Alona dragged her chair from her study table towards her window, the icy wind beating aggressively against the pane. Taking her Adventure Time blanket from her bed, she sat cross-legged. She wrapped the cover around her, her chin resting on her hands propped on the windowsill. It was rather a quiet night for her. Even with the howling wind, no noise can seem to penetrate her shut ears and restless mind. She had said no to Charles. Not a straight no, but that typical beating around the bush. After she had talked to Sander, their doorbell rang. She had just gone to the kitchen for water, did not take long from their door, but she refused to get the door thinking that it was Sander.

It was Lawrence, who rushed down the stairs, who opened the door.

"I think I like you."

It sounded too good to be true that Alona did not react.

Charles pressed his hand against his thigh. "Forget that. It's not that I think I like you. I think I am sure I like you. No, no. I am sure I like you."

Alona just stared. And said softly after thinking, "I'm sorry."

It would be a lie to say that Alona completely believed in Charles and in his sincerity. It was true that Alona believed him, but there was still that fraction that didn't. What if he was another kind of the countless people whom she met and who pretended they liked her? Like Sander?

"I don't know if it was just me, but you seemed to ignore me last time," Alona had said when Charles showed no indication of getting up from the sofa and leaving.

"You ignored me too."

"Because you ignored me first." Thinking that Charles might misunderstand it as just returning what was given, she added, "I thought you no longer wished to associate yourself with me."

"I thought the same. I saw you with Henry last time and I thought you would like it more if you're with him, not with me."

Lawrence asking Charles to stay for dinner interrupted them. Charles thanked him but declined for he still had some packing to do.

The unrelenting blustering of the last of autumn gale winded up Alona's thoughts. Walking away from the window, she took out her small suitcase, zipped it open and one by one, lifted the dresses she had folded and compressed into the small space years ago. Her Mom gifted them to her for her every birthday, but she never wore them. The only time, the first and last time she wore one of them was right after she was done with preschool.

She found it. Buried under the very last dress was the studded bracelet Charles had tossed onto her lap that last Christmas. She slipped the bracelet through her wrist. To think that a day will come that she will treasure the bracelet, that it will hold a special place in her heart, she did not imagine it.

Alona woke up early at dawn to prepare breakfast, to cook and pack her Mom's lunch. She was telling herself that she should have done these little things long ago. Long ago, she should have noticed how her Mom works overtime and how she always came home tired yet she would still cook for them.

When her Mom got up that morning, smiling at the mug of brewed black coffee and the tray of freshly made ciambella she had loaded with strawberry jam, Alona liked it how her Mom's face lit up.
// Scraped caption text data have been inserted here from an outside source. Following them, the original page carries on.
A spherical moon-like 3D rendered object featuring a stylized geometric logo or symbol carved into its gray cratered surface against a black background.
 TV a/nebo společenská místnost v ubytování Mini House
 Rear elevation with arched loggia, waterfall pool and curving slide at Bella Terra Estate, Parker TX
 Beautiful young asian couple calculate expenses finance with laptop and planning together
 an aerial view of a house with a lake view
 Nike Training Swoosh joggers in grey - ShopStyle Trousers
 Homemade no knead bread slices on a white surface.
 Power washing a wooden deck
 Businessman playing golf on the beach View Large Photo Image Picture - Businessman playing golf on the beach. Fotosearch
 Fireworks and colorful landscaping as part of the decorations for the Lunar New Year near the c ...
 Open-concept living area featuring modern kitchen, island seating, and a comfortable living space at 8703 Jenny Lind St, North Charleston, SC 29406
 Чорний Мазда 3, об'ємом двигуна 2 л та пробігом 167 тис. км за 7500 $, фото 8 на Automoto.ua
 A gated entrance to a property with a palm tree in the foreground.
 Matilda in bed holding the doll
She hugged her good morning and said, "You're the most beautiful, best mother out there ever, Mom. Thank you for being our mother."

Mrs. Ryans embraced her daughter more tightly. "Do well in school. Don't mess around."

Alona nodded on her mother's chest.

Just before she went out of the house to catch the bus, she pulled her small suitcase out once again. She changed to her black overall dress, wearing an oversized nude sweater underneath and thick black leggings to keep her warm. Wearing her boots and her parka last, she whistled her way to the school.